In 2005, the Uzbestikan pianist Eldar Nebolsin (b. 1974) won the Richter Prize in the International Piano Competition, Moscow. Nebolsin is a young virtuoso pianist with an extraordinary technique which has already been compared to Richter's. Nebolsin has recorded a number of acclaimed CDs for Naxos, including Chopin's piano concertos.
I needed to hear this CD of Schubert piano music because it includes Nebolsin's reading of the sonata in A major, D. 664, op. 120, a work I have been studying and playing. Schubert wrote this sonata in 1819, as a young man of 22, but it was published only after his death. This sonata is not a virtuoso piece. Rather it is quiet, lyrical, with an ambiguity between lightness and introspection that characterizes much of Schubert's music. My efforts with this music made me appreciate Nebolsin's reading.
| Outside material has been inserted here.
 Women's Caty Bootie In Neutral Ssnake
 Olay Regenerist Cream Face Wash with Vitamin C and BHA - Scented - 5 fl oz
He brings out the long, lyrical character of the main theme in the opening movement. I learned from listening to how he subdues the accompaniment figure in the left hand to the melody and how he avoids overpedalling. For a pianist of Nebolsin's gifts, these are small matters, perhaps, but they helped inspire me in my continued work with the piece. Nebolsin plays plays the second movement in a quiet, subdued manner which turns radiant for a moment as Schubert moves from minor to major key before turning back again. The light, rapid finale is full of turns and variety. Nebolsin emphasizes the skipping little waltz which appears as a secondary theme -- giving this movement a quality that Beethoven, say, would never have attempted in a serious sonata. Nebolsin also gives full character to the many arpeggios and big chords that punctuate this joyful finale. This is a wonderful recording of what remains Schubert's most frequently played and accessible piano sonata.
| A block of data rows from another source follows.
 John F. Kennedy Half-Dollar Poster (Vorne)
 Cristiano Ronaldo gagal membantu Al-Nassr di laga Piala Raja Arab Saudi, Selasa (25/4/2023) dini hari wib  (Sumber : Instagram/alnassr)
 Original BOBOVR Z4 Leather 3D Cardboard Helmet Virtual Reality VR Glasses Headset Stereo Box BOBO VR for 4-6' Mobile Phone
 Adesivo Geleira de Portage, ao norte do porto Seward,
Unlike the A major sonata, Schubert's Wanderer Fantasy, D. 760, is a virtuoso work indeed. It is a stunning piece, among the most demanding in the piano literature, which amateur pianists such as myself can approach only in dreams. Richter's performance of this work remains famous, but Nebolsin gives a grand, storming performance of the Wanderer which brings forth both technique and musicianship. The work includes big powerful chords, long, lacy and demanding runs, especially in the slow second movement, and passages of sheer bravura. Beyond its technical demands, the Wanderer is metaphysical, heaven-storming, inspiring music that reminds me of what the human spirit, more than technique, can do. Composed in 1822, Schubert based the work on his song, "The Wanderer". It has four interrelated movements, including a big chordal opening, a slow variation movement with endless filigree and a singing theme, a large scherzo with contrasing powerful and lyrical themes and a fugual finale. Although my main interest was in the A major sonata, Nebolsin's reading of this clangorous, ambitious Wander Fantasy is the highlight of this CD.
The final work on the CD is an early Schubert sonata, the sonata in a minor, D.537, composed in 1817. The best-known part of this early work is the second movement, allegretto quasi andantino, because Schubert used its primary theme in the finale of his posthumous A major piano sonata, D. 959. It is good to hear how Schubert developed as a composer in the use he made of this theme between this early light work of 1817 and the masterpiece of 1828. In this 1817 sonata the theme has a tripping, almost music box character as it appears in small sections in contrast to other musical material. Nebolsin plays it with a light, delicate touch. In contrast, Nebolsin offers a stormy reading to the opening allegro ma non troppo which opens with strong syncompated chords and to the whirlwind, allegro vivace finale. Nebolsin makes a convincing case for the musical value of this early effort.
The CD was recorded in October, 2009 at Wyastone Concert Hall, Monmouth, UK. The sound is large and spacious. I am looking forward to further recordings of Schubert and other music by this gifted young pianist, Eldar Nebolsin.